# Hybrids



## -matty-b- (Dec 13, 2007)

are there any lizard hybrids between closely related species like cornxrat


----------



## Ssthisto (Aug 31, 2006)

There's quite a lot of evidence for leopard geckos (as they exist in captivity) being a hybrid between the four or five subspecies of _Eublepharis_ _macularius_ - and possibly with several of the OTHER Eublepharis species (_angramainyu_, _turcmenicus_...)

Vittikins dragons are a cross between _Pogona_ _vitticeps_ and _Pogona_ _henrylawsoni_.

And the species Cnemidophorus neomexicanus is the parthenogenic result of a cross between Western Whiptails (_C_. _tigris_) and Little Striped Whiptails (_C_. _inornatus_) - every member of the species is female, and lays eggs which are essentially clones of herself.

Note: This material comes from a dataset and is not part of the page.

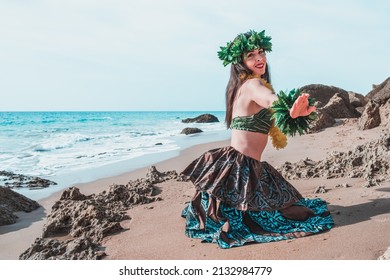 Hawaiian Woman Smiles Relaxed On A Paradise Beach. Exotic Beauty With Flower Crown On Her Head.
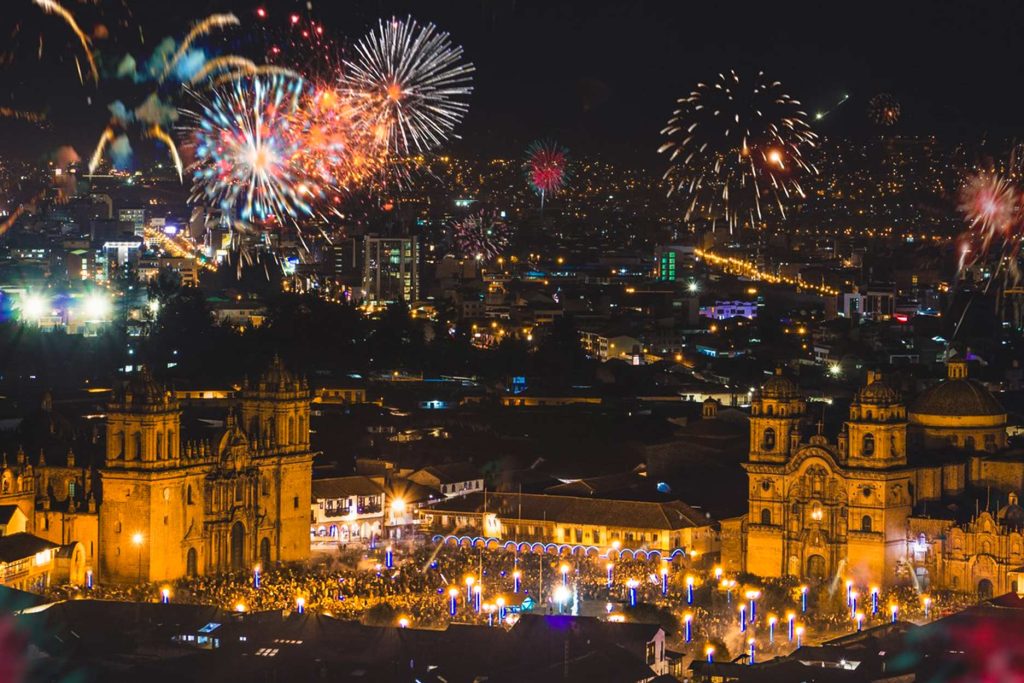 Plaza de armas de Cusco en Año nuevo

But there are fewer intergenera crosses that I'm aware of - I know people TRIED with fat-tailed geckos and leopard geckos but I don't think it ever produced any viable offspring.


----------



## -matty-b- (Dec 13, 2007)

thank you: victory:


----------



## Herpinfested (Apr 24, 2007)

pretty sure theres a royal x burmese hybrid


----------



## Ssthisto (Aug 31, 2006)

Herpinfested said:


> pretty sure theres a royal x burmese hybrid


*grins* But that's not a lizard - there are amazingly weird crosses in the snake world, but lizards seem to be a bit less straightforward to hybridize.


----------



## bluetongued (Apr 25, 2007)

I am sure I have read somewhere about crosses of Crested geckos and Gargoyles???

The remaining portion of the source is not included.